INFORMATION SUPPLIED START

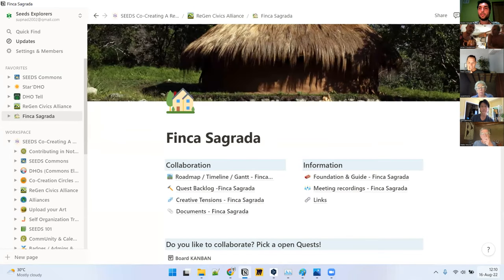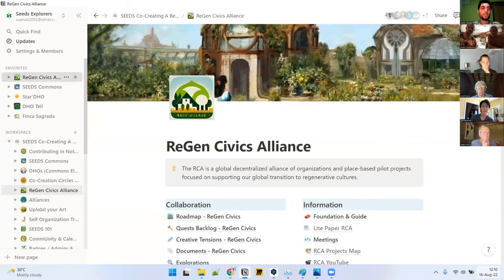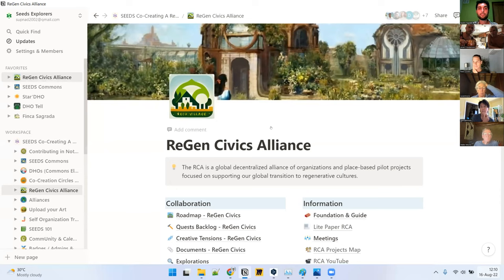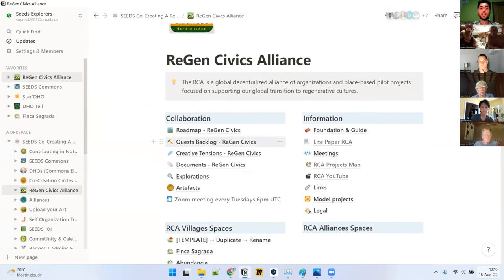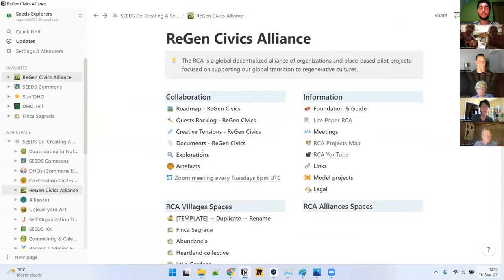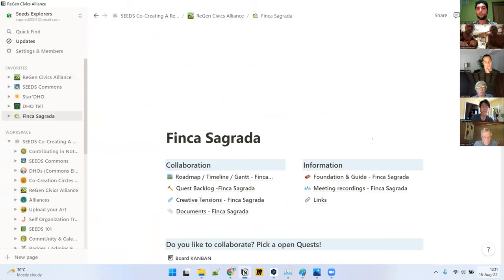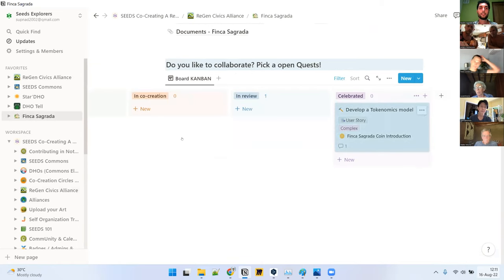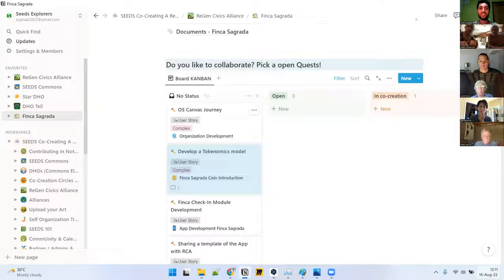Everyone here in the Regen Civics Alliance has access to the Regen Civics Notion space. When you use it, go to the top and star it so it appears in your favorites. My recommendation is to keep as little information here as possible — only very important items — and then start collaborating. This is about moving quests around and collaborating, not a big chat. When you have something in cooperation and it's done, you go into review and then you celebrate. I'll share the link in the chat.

INFORMATION SUPPLIED END
INFORMATION SUPPLIED START

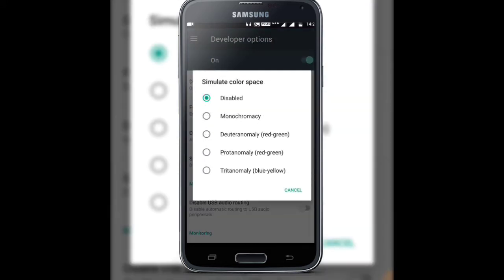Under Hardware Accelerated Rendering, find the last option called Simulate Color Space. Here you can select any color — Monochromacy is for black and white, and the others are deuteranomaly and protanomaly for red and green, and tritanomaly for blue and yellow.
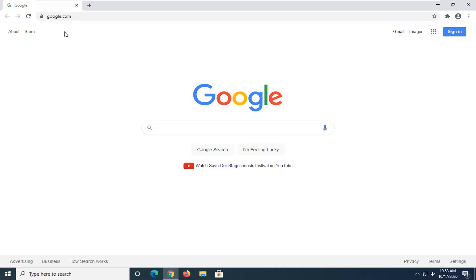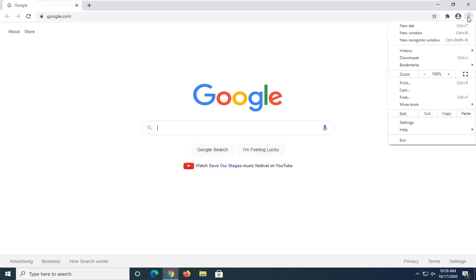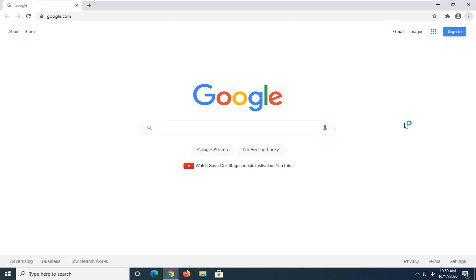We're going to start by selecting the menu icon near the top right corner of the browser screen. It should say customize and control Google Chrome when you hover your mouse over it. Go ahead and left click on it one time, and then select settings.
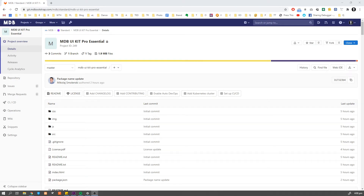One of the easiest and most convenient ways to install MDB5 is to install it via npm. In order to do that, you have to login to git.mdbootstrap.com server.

INFORMATION SUPPLIED END

**EXERCISE:** Pictures excluded, reproduce only the part above that opens with the line holding "We're going to" and closes with the line holding "One of the easiest", exactly as written.

**RESULT BELOW:**
We're going to start by selecting the menu icon near the top right corner of the browser screen. It should say customize and control Google Chrome when you hover your mouse over it. Go ahead and left click on it one time, and then select settings.
One of the easiest and most convenient ways to install MDB5 is to install it via npm. In order to do that, you have to login to git.mdbootstrap.com server.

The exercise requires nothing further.